(Exercise objective)
Start to finish, print the data below exactly, without the images.

(Data block)

========================================================================

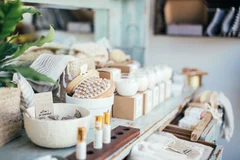 Ouvrir un salon de massage : réglementation, statuts et budget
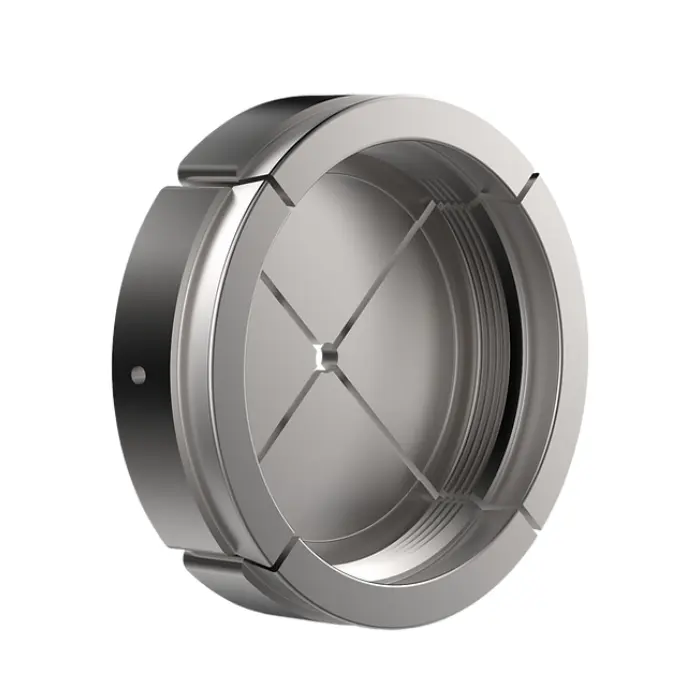 Jeu de mors larges serrage 89 mm · CJ350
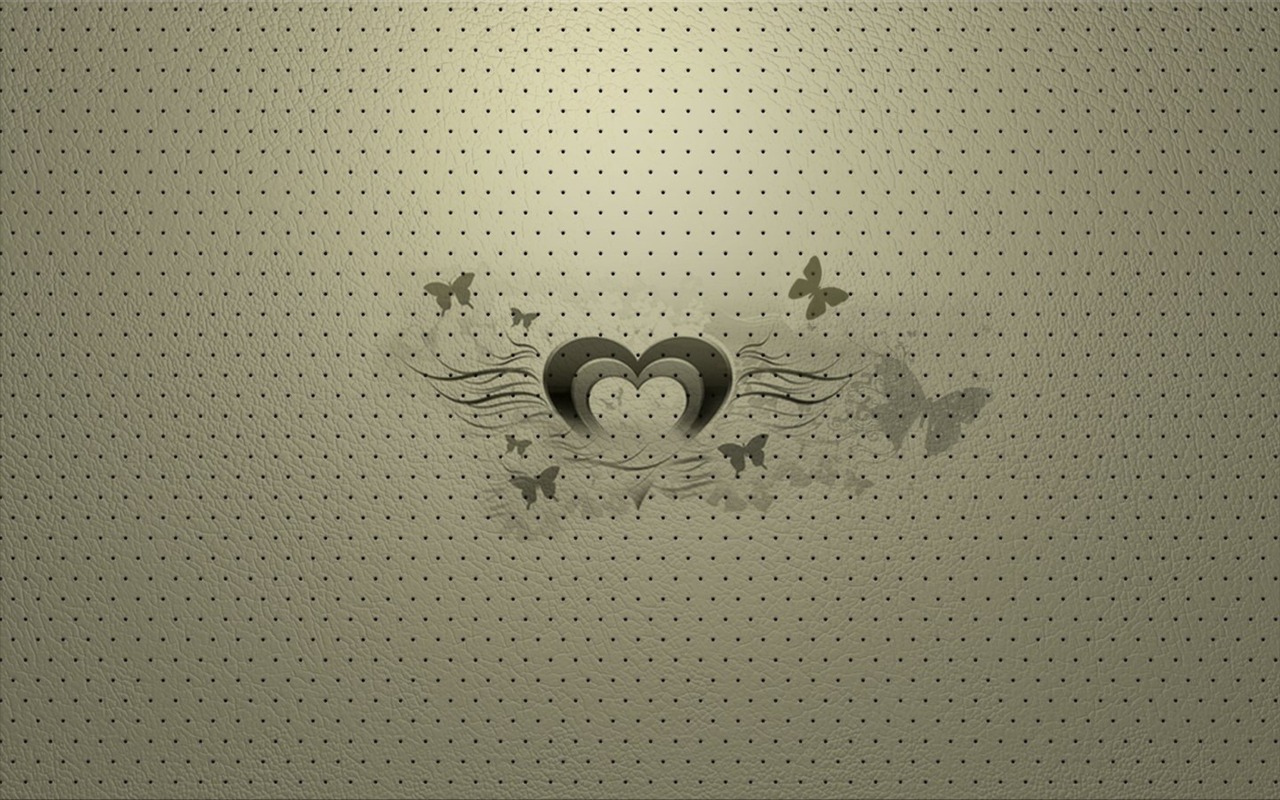 Cool non-mainstream wallpaper (4) #15 - 1280x800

========================================================================

(Result of this task)
 Ouvrir un salon de massage : réglementation, statuts et budget
 Jeu de mors larges serrage 89 mm · CJ350
 Cool non-mainstream wallpaper (4) #15 - 1280x800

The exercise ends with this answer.